Tregear is a suburb of Sydney, in the state of New South Wales, Australia. Tregear is 47 km west of the Sydney central business district, in the local government area of the City of Blacktown and is part of the Greater Western Sydney region.

At the , Tregear had 3,700 people listing Tregear as their usual residence. There were slightly more men than women, 15.9% were Indigenous and 30.1% were born overseas. The land area amounts to 163 hectares.

==History==
Tregear was the name of a homestead built in the area which at one stage was owned by John King-Lethbridge, son of Robert Copland Lethbridge and Mary King. It was named after the Lethbridge family's estate in Cornwall, England. The land was held by Lethbridge family until 1942 when it was taken over by the RAAF and then sold in 1951.

== Shopping & Public amenities ==
Tregear features a small local shopping centre with an IGA supermarket, chemist, post office, newsagent, kebab and fish and chips takeaway store and the Tregear Medical Centre. A small car park sits at the front of the complex, along with a public pay phone.

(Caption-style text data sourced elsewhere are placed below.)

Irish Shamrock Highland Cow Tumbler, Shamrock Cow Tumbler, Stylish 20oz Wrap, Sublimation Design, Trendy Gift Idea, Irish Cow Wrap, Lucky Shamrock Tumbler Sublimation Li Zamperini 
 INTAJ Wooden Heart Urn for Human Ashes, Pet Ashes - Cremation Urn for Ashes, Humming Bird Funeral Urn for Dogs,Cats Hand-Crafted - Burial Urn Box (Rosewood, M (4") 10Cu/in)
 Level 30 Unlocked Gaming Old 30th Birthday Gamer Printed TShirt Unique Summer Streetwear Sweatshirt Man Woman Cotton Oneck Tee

Nearby shopping areas include a 10-minute drive to Westfield Mount Druitt Shopping Centre, 20-minute drive to Penrith Westfield Shopping Centre, 5-minute drive to Emerton Village Shopping Centre, 5-minute drive to Ropes Crossing Village Shopping Centre and a 7-minute drive to St Marys' main strip.

==Education==

- Tregear Public Primary School
- Tregear Presbyterian Preschool Kindergarten
- Mini Masterminds Tregear

==Recreation==
Tregear Reserve spans a large portion of the suburb. Its walking path follows Ropes Creek for roughly 1.6 km, passing the fenced designated off‑leash dog park, the baseball field, and continuing all the way through to Whalan Reserve.

==Transport==
Tregear is serviced by regular public bus routes that connect directly to St Marys, the area’s primary commercial and transport hub. From St Marys Station, you can reach the Sydney CBD in under an hour via frequent T1 Western Line express services, head west toward Penrith, or soon take the new Metro line to the Western Sydney Airport, with a travel time of less than 15 minutes.